Los efectos sobre la igualdad de oportunidades de partida han sido muy poco efectivos. El gasto destinado a infancia y familias se ha mantenido prácticamente invariable como proporción del gasto social total, cuya principal partida siguen siendo las pensiones y la atención a los mayores.
Parece claro que la transformación desde un estado social “protector” a otro “inversor” tiene algunos limitantes. El primero de ello es que la base del sistema está pensada para el grueso de la población y ese grueso de la población se encuentra situado, en términos demográfico, en una clase media estable y avejentada. Modificar las prioridades de gasto social desde etapas más posteriores de la vida a etapas previas requiere de una o dos generaciones que asuman el coste –los que no tuvieron igualdad de oportunidades en la infancia y ahora ven como se lamina el mecanismo reequilibrador del estado social clásico- y son precisamente esas dos generaciones las que se encuentran en la centralidad política y electoral. El ejercicio de “generosidad intergeneracional” que requiere este cambio de orientaciones es poco probable. En una encuesta realizada por Policy Network en 2011 en 6 países, entre un 34% y un 60% de los encuestados no estaban dispuestos a recortar ningún gasto del estado social “clásico” para financiar el estado social inversor.

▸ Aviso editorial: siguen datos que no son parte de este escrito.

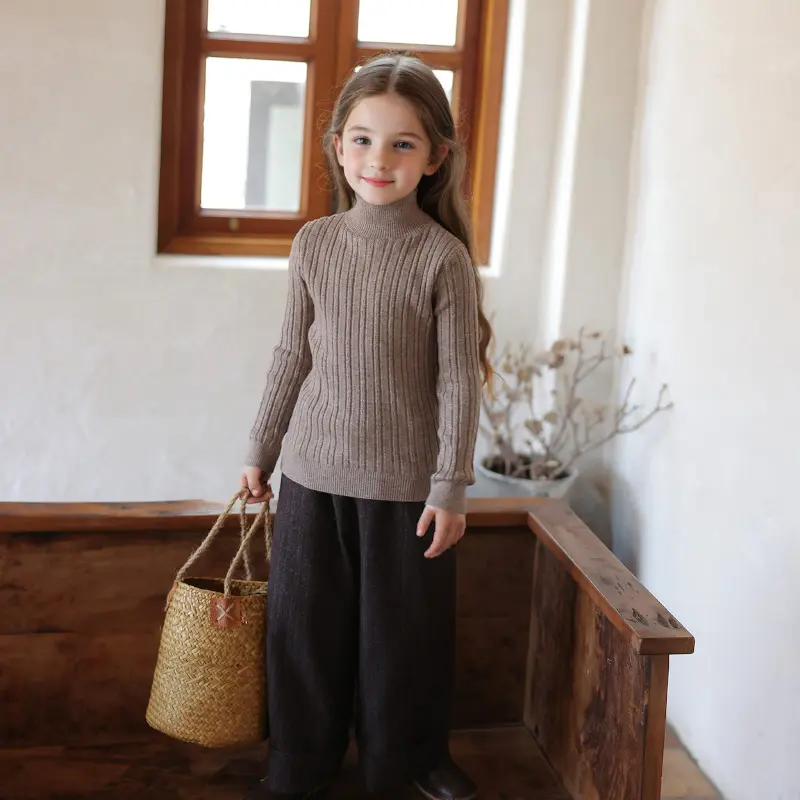 Girls Spring and Autumn Knit Pullover, lightweight ribbed short-collar long sleeve top. Made of comfy knit material, this casual daily sweater works well for everyday outfits and various outdoor activities for little girls during mild spring and autumn we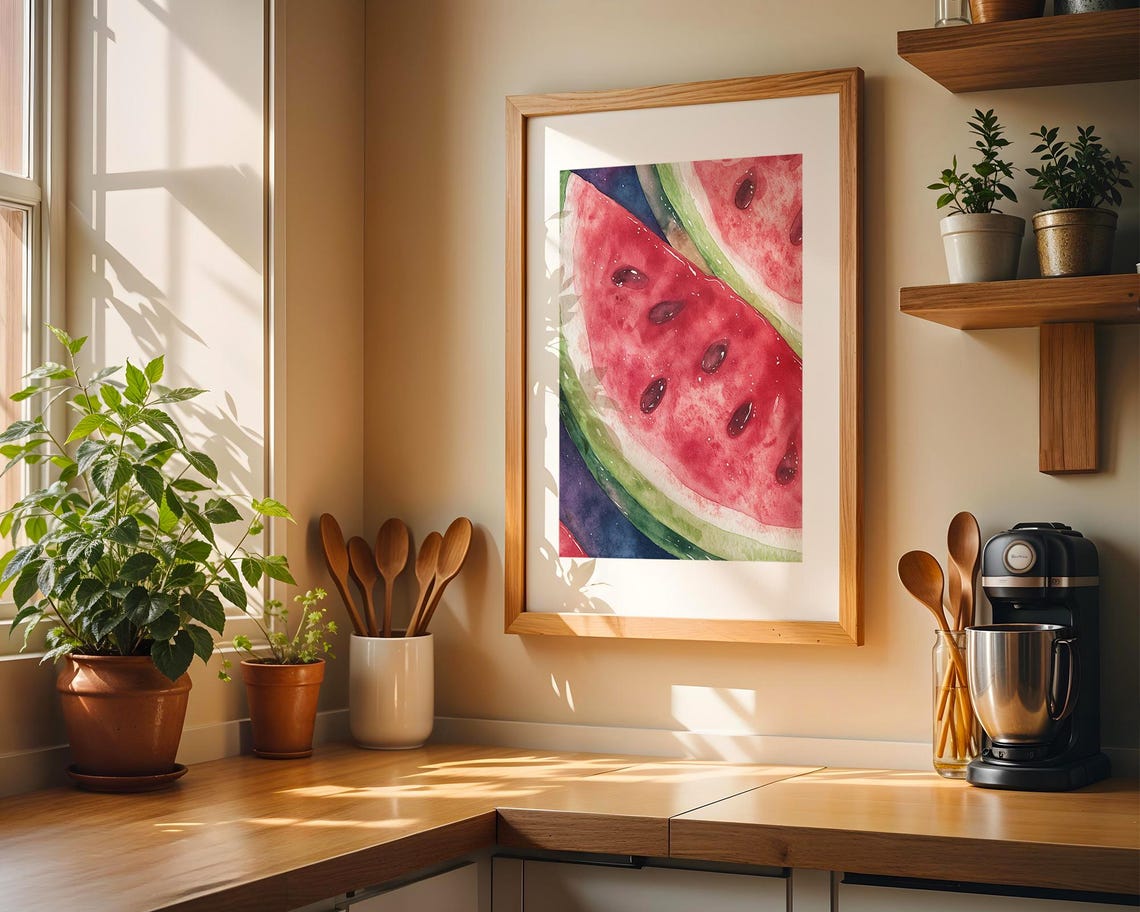 Watermelon Slice Art Print Juicy Fruit Wall Vibrant Summer Kitchen Dcor - Image 3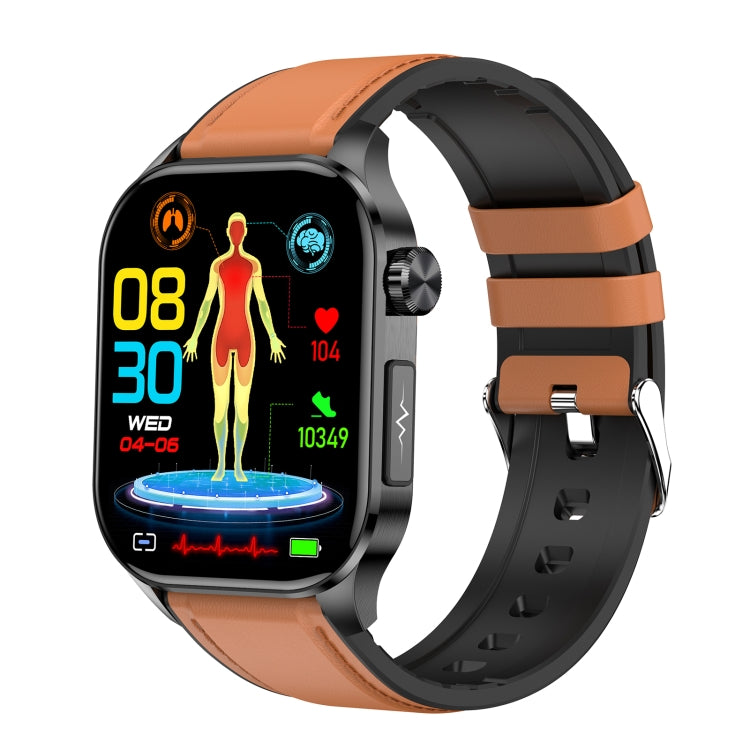 ET580 2.04 inch AMOLED Screen Sports Smart Watch Support Bluetooth Call /  ECG Function(Brown Leather Band) - free shipping - PMC TechLife - Order now!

Por otro lado, el propio esfuerzo en la “igualdad de oportunidades desde la cuna” olvida en ocasiones que la estructura social en la que se construyen las trayectorias vitales es tanto o más importante que el esfuerzo en nivelación de las competencias personales que ofrece el sistema educativo. En un contexto de “generaciones superpuestas”, la situación de la generación anterior influye –y mucho- en la generación futura. La mejor manera de apoyar a un niño es apoyar a su familia. (Para conocer más sobre esta contradicción, nada mejor que leer los excelentes trabajos de José Saturnino Martínez).
En materia de gobernanza de la globalización, los resultados han sido claramente insuficientes y no han sido capaces de superar el paradigma neoliberal y de trascender la soberanía nacional y las dificultades de coordinación internacional, salvo en aspectos testimoniales como en lo relacionado con la Cooperación al Desarrollo y los Objetivos de Desarrollo del Milenio, y esto mismo de manera muy limitada. En materia de gobernanza de los flujos financieros internacionales ha sido un rotundo fracaso –como la crisis financiera internacional se ha encargado de evidenciar- y el estancamiento de la OMC y su “Ronda de Desarrollo” es otra prueba de su incapacidad, teórica o fáctica, de superar determinadas inercias en el sistema global. La irrupción de nuevos actores en el escenario internacional, como los países emergentes, y el renacer de China como potencia global, han trastocado enormemente el proyecto inicial. Ni siquiera se ha logrado reequilibrar el poder político en las instancias multilaterales, y el G20, que podría haber sido un marco más incluyente de gobernanza global, se ha visto claramente sobrepasado por la realidad.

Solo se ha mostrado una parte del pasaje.